Updates, 6/19: For the New York TimesA.O. Scott, there’s “something very Brooklyn about this whole thing. I’ve lived here for more than 20 years, and I’m not quite sure of the rules. Am I allowed to mention Lena Dunham? Am I allowed not to? Ms. Dunham is actually in one of the festival selections—Joe Swanberg’s Happy Christmas—but the influence of her work (Tiny Furniture as well as Girls) feels nearly ubiquitous, an example either to be imitated or avoided…. One theme that threads through the selections—from Carlos Marques-Marcet’s long-distance-relationship tale 10.000KM through Lev Kalman and Whitney Horn’s sun-kissed, Whit Stillmanesque L for Leisure to Paul Harrill’s melancholy Something, Anything—is the tendency for conversation and communication to move in very different directions. If I may risk a generalization, a lot of young filmmakers are less interested in the expository function of dialogue than in its expressive potential. People in these films don’t talk to advance the story, but rather to provoke and manipulate one another, to fill the silence and pass the time.”

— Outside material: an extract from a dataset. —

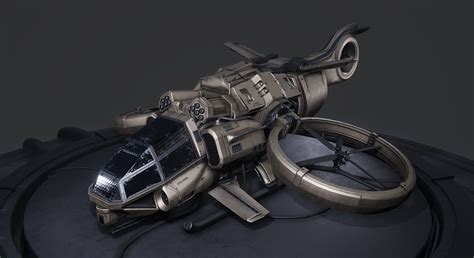 sci fi gunship  blueprints ue marketplace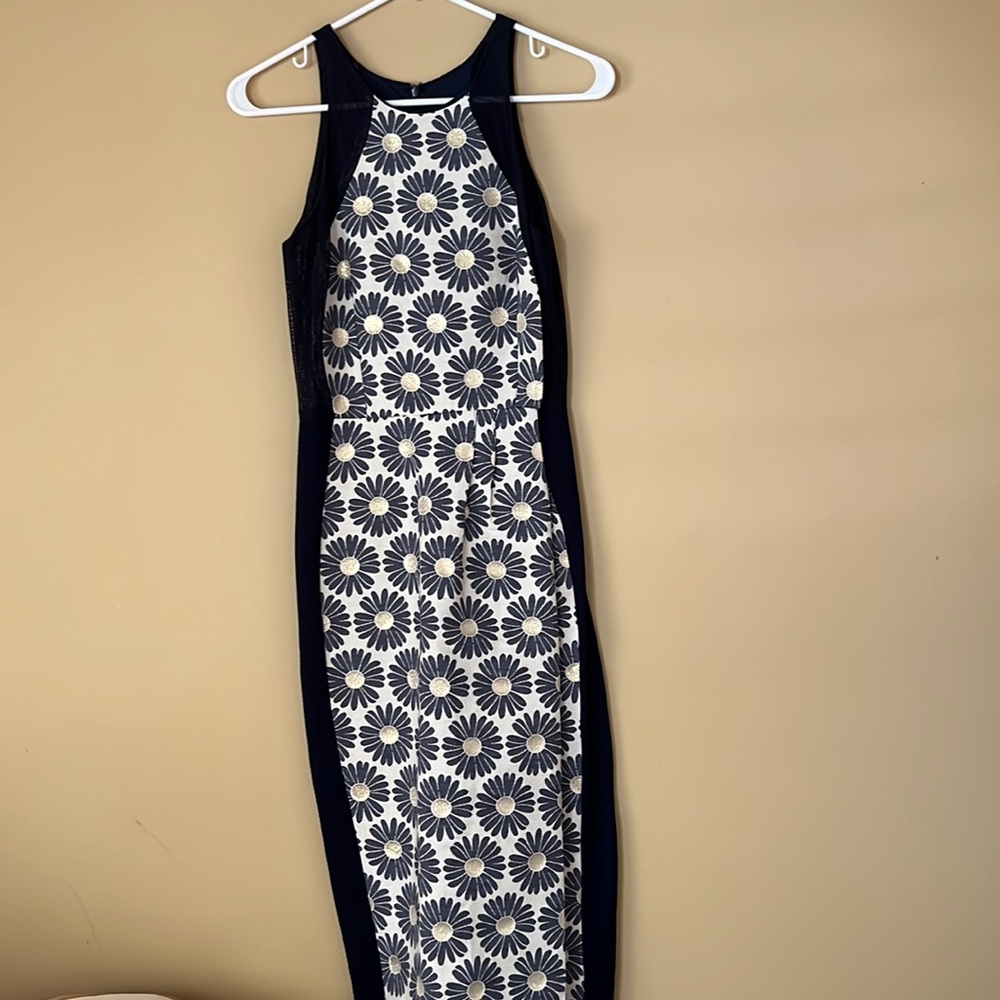 Blue Floral Eva Franco Dress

Henry Stewart talks with a good number of the filmmakers for Brooklyn Magazine.

For Jeremy Polacek, writing at Hyperallergic, Evolution of a Criminal “is the most compelling and revealing work” in the lineup.

Update, 6/20: At Twitch, Christopher Bourne offers brief reviews of a dozen features.

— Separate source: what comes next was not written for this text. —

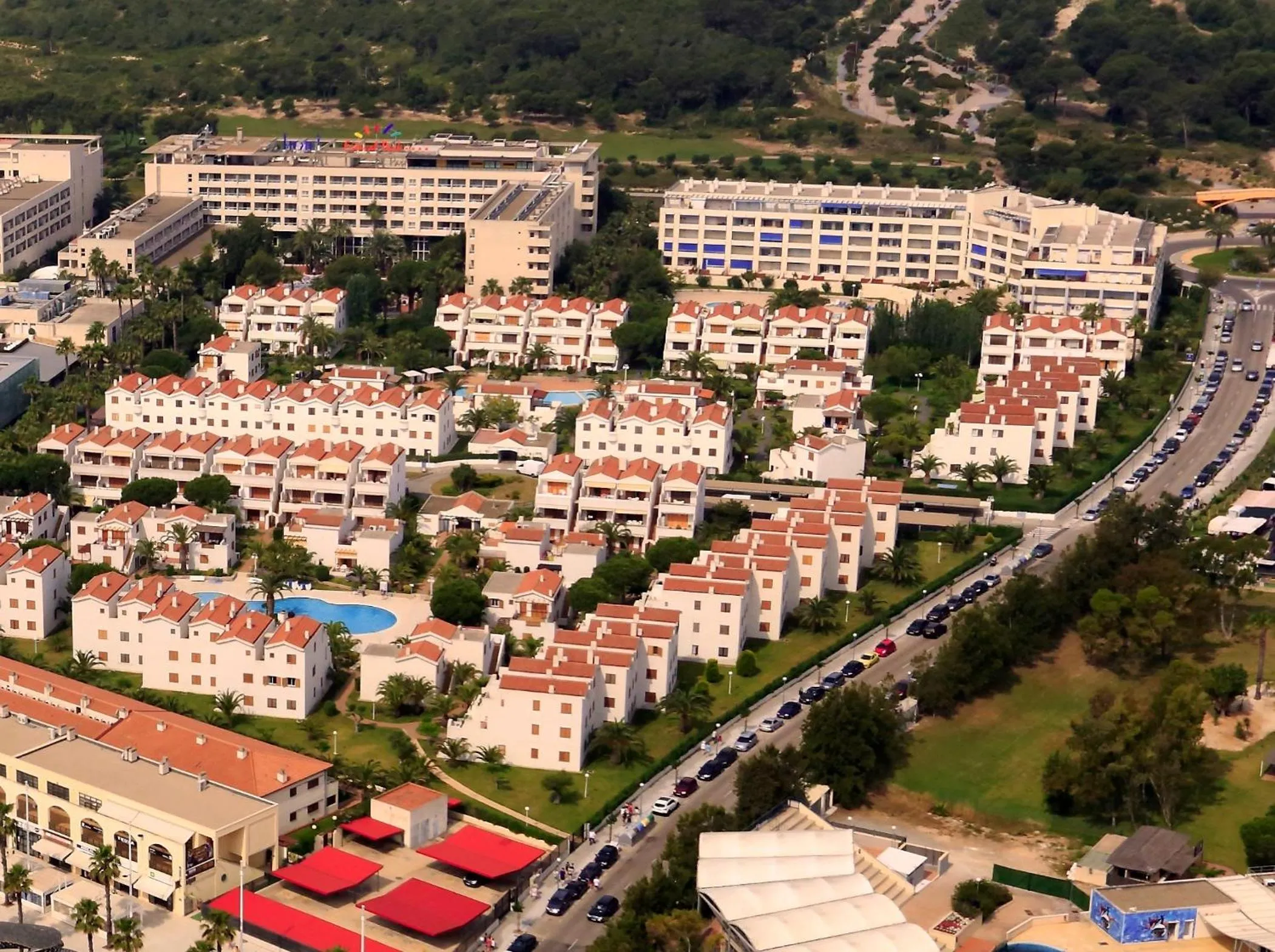 Bird's eye view in Apartamentos Estival Park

Updates, 6/21: Katie Positerry has a terrific post on the BAM design team’s creation of the visual identity of this year’s festival. And BAM talks with Young Jean Lee about her short, Here Come the Girls.

Meantime, for the Financial Times, Damon Wise talks with Bong Joon-ho about Snowpiercer.

Updates, 6/27: Alan Scherstuhl in the Voice: “Lumbering, skronking, and wondrously paint-bombed, Manfred Kirchheimer’s Stations of the Elevated (1981) is a 45-minute proto-hip-hop bliss-out, a masterpiece of train- and tag-spotting dedicated to memorializing the extravagant graffiti on its era’s MTA trains and how those trains rumbled across Brooklyn and the Bronx, bearing not just exhausted New Yorkers but gifted artists’ urgent personal expression.” More from Dan Sullivan in the L.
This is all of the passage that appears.